Indeed, some of them define WMD even more loosely. When Robin Cook was Foreign Secretary he said that “the self-loading rifle has become the modern weapon of mass destruction”. By that criterion, every dictator in the world has WMDs by the thousand. We should know. They bought most of them from us.
Of course, WMD is not the only irritating political cliché bandied around at present. Others include the melodramatic “smoking gun”, which rather implies that the Iraq problem is an episode of Midsomer Murders, and the pompous “material breach” (though I do like the sound of “Once more unto the material breach, dear friends, once more”). Then there’s “axis of evil” (ie, anyone who gets in our way), and “regime change” — two innocuous little words that seem to mean invading a country, slaughtering its ruling hierarchy and army and imposing a government of our choosing. And when the war starts we will doubtless be welcoming back “friendly fire” (killing your own soldiers or civilians in error), “collateral damage” (ditto), “surgical strike” (ditto), “precision bombing” (ditto) and “smart weapon” (ditto).

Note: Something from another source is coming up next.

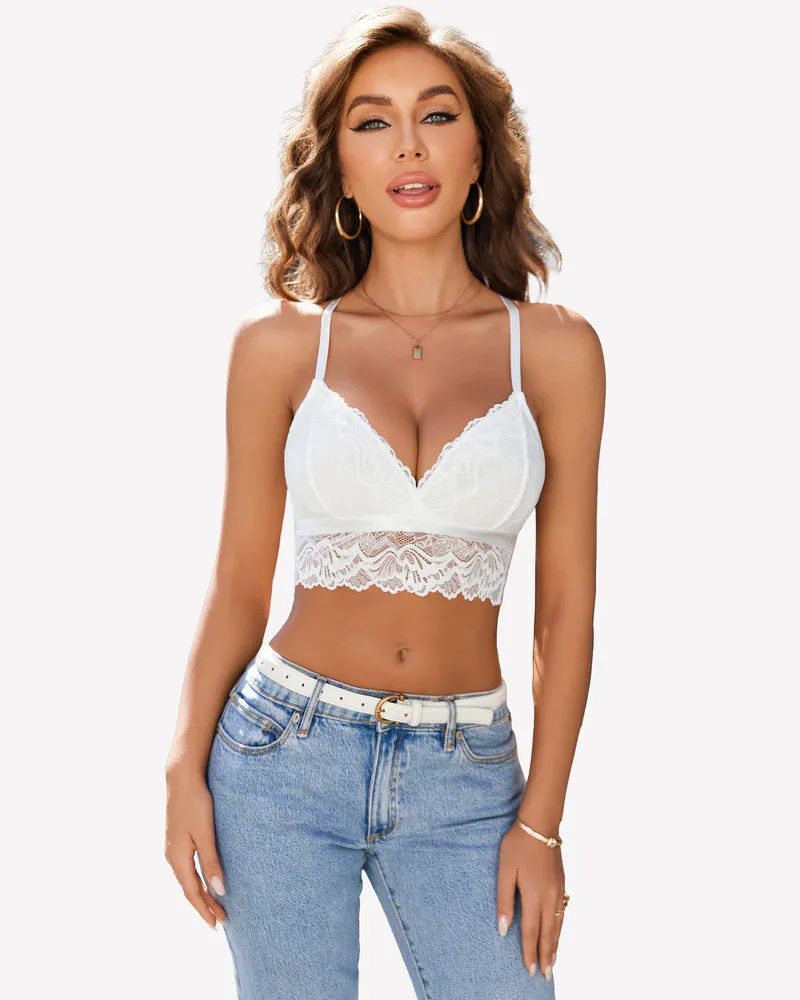 Lace Bra V Neck Racerback Cami Tank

Well, perhaps such euphemisms are inevitable in wartime. But we haven’t reached that state yet. May I implore our leaders, and the journalists who cover these matters, to give the glib WMD phrase a long, long holiday? It’s overused, overwrought and, worst of all, over here. Surely it isn’t beyond the combined wit of the geniuses in the White House and 10 Downing Street to think up a fresher cliché that disguises their real intentions just as effectively.
OF COURSE, politicians aren’t the only ones guilty of talking in clichés. Most of us do it. I have just spent a happy hour on clichesite.com, a website that pulls together thousands of the world’s tawdriest clichés. God, what a list! It includes nearly every phrase guaranteed to set my teeth gnashing: “the jury’s still out on that”, “wake up and smell the carfeee”, “emotional roller-coaster” (how histrionic can a fairground ride be?), “bad hair day”, “shoes to die for”, “in the wake of September 11”, “get a life”, “the ball’s in your court” (what sort of game requires the players to stand in different courts?) and, also pinched from sport, “a level playing field”, which is presumably one on which nobody has “moved the goalposts”.

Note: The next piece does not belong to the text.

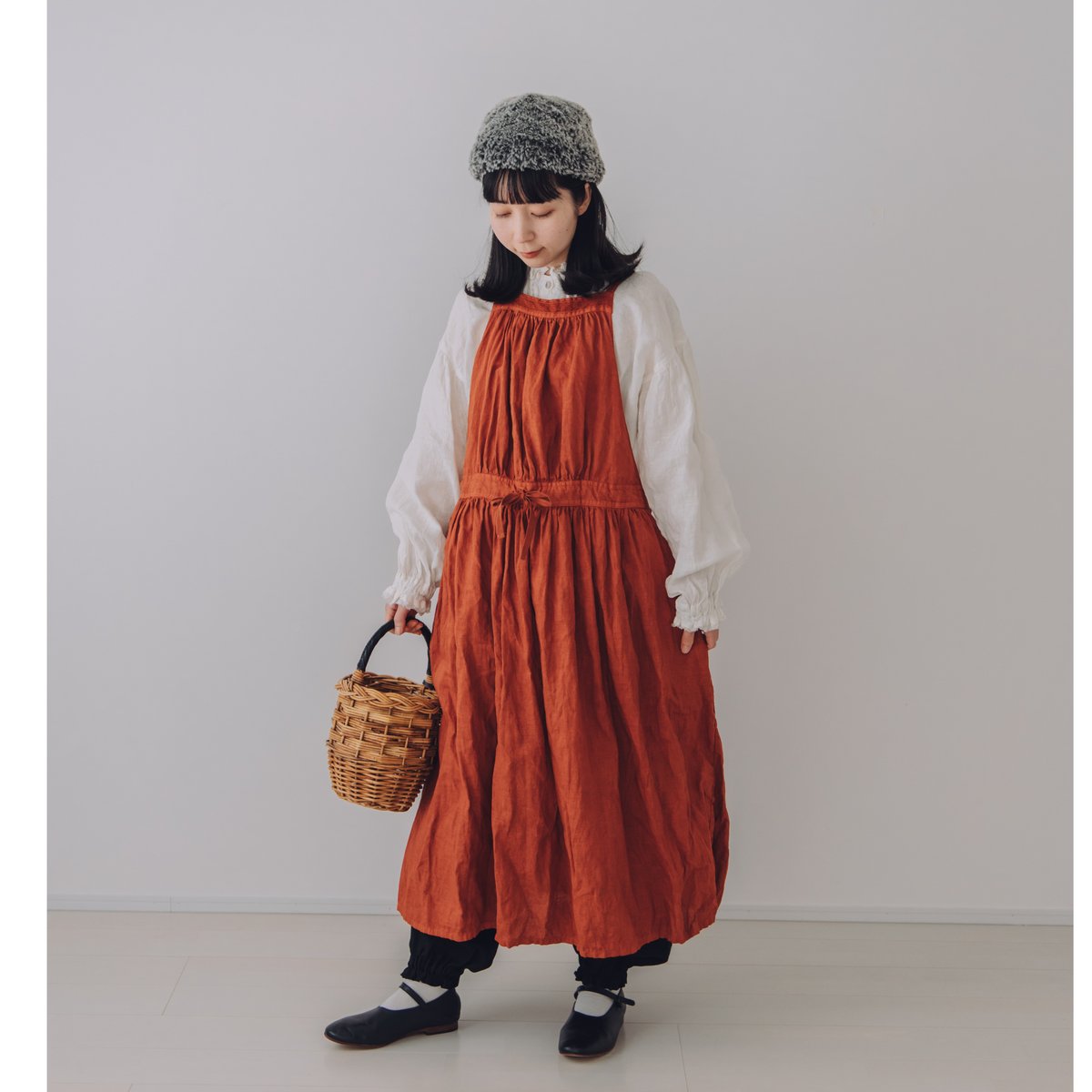 kitchenworkエプロンワンピース / 手染 vintagered | Momono-hana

Am I, too, guilty of using clichés? Oh, come on! Is the Pope Catholic? Or, as the American variant listed by clichesite.com puts it: “Does the Pope wear a funny hat?” (which is rich, coming from the country that invented the baseball cap). But at least I can now pepper my discourse with striking foreign phrases. How about “there is no cow on the ice”, which is said to be Sweden’s favourite cliché? (Something lost in translation, I fear.) Or, from rural America: “I’m as horny as a three-peckered billy goat”. Try whispering that to your partner over the Ovaltine tonight. You never know. You might find yourself clinging to that emotional roller-coaster.

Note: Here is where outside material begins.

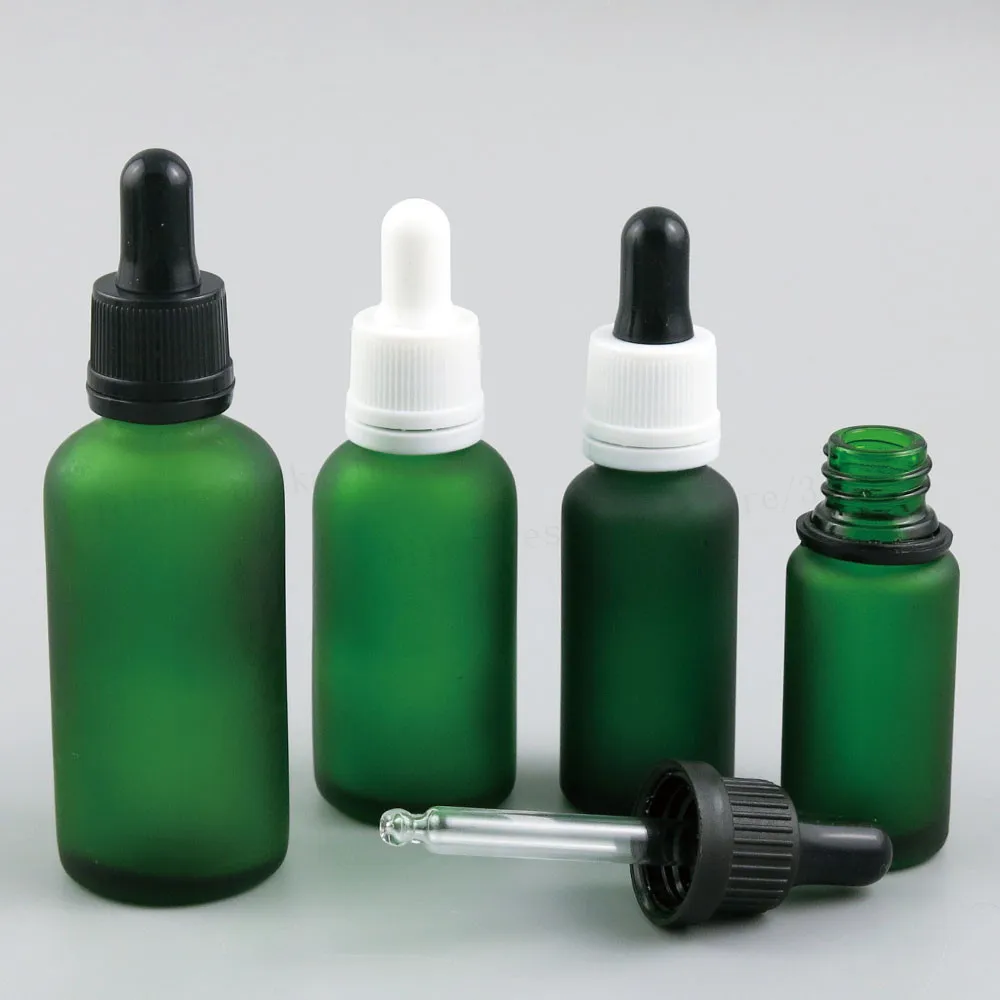 5ml 10ml 15ml 20ml 30ml 50ml 100ml Refillable Frost Green Glass Eye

FINALLY, a reader begs to differ. Well, he doesn’t exactly beg. “You were wrong last week to chastise London Underground for offering more expensive journeys than Concorde,” writes Jeremy Eastwood. “It’s true that, at £1.23, the cost of travelling a mile on Concorde is less than the cost of a £1.60 single-zone Tube ticket. But the latter is valid for several miles. A better target for your ‘satire’ (ooh! I don’t like the tone of those quotation marks, Mr Eastwood) would be the £42 first-class return on the Heathrow Express: an outrageous £1.40 per mile.”
Outrageous indeed. But here’s a question to exercise superior minds such as Mr Eastwood’s. Pound for mile, and excluding military jets and spacecraft, what is the most expensive mode of transport in the world today? Let me set the ball rolling. When Cunard launches its new Queen Mary next January the top-price ticket for a transatlantic crossing will be £19,369, or about £5.60 a mile. I reckon that goes straight to the top of the Cor Blimey League. But someone, somewhere, will have devised an even pricier way of moving mugs from A to B. Suggestions?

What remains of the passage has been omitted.